- [What is needed]: Starting with the opening line of the material, restate every line word for word, and end on the line containing "Disney Cubic Zirconia".

========================================================================

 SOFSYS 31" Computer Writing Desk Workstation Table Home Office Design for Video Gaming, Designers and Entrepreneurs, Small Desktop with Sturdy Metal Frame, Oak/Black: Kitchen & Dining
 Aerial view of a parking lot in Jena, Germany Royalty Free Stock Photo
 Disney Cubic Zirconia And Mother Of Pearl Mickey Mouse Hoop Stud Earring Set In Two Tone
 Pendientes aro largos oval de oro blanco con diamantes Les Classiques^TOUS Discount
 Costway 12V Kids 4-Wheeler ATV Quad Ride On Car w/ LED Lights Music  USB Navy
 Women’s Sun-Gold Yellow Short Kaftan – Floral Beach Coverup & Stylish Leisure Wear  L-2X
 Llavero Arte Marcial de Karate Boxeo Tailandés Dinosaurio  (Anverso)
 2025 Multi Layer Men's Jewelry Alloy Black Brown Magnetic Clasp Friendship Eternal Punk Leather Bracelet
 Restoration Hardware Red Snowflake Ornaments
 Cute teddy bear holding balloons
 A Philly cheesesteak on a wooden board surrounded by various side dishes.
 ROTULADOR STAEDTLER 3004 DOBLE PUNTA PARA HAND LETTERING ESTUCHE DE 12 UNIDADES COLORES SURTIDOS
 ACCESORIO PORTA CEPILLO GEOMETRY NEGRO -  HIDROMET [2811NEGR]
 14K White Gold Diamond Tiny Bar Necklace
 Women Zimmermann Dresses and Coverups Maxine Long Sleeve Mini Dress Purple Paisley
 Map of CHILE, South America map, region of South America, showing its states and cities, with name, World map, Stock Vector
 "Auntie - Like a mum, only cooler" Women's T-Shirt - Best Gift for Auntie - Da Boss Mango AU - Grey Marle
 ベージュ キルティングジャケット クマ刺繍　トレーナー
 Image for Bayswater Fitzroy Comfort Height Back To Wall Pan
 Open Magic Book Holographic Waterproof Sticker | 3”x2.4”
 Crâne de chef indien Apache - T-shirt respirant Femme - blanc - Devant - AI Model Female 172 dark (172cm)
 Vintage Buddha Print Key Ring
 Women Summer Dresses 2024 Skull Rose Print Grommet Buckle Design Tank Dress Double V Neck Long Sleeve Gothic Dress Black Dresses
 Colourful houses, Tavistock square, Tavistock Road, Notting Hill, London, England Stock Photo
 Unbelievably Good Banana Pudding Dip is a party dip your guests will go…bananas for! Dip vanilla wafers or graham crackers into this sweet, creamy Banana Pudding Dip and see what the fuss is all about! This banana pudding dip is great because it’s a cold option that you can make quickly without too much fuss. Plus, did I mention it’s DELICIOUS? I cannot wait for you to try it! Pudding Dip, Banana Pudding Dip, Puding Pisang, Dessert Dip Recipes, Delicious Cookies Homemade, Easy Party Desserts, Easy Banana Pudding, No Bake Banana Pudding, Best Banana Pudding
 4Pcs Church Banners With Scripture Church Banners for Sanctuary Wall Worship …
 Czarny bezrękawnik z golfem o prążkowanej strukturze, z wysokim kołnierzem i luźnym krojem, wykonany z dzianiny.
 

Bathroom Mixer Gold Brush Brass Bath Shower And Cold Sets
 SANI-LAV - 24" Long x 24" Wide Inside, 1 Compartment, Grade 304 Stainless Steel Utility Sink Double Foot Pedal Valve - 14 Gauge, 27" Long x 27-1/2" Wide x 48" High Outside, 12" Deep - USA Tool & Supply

========================================================================

- [Exercise output]:
 SOFSYS 31" Computer Writing Desk Workstation Table Home Office Design for Video Gaming, Designers and Entrepreneurs, Small Desktop with Sturdy Metal Frame, Oak/Black: Kitchen & Dining
 Aerial view of a parking lot in Jena, Germany Royalty Free Stock Photo
 Disney Cubic Zirconia And Mother Of Pearl Mickey Mouse Hoop Stud Earring Set In Two Tone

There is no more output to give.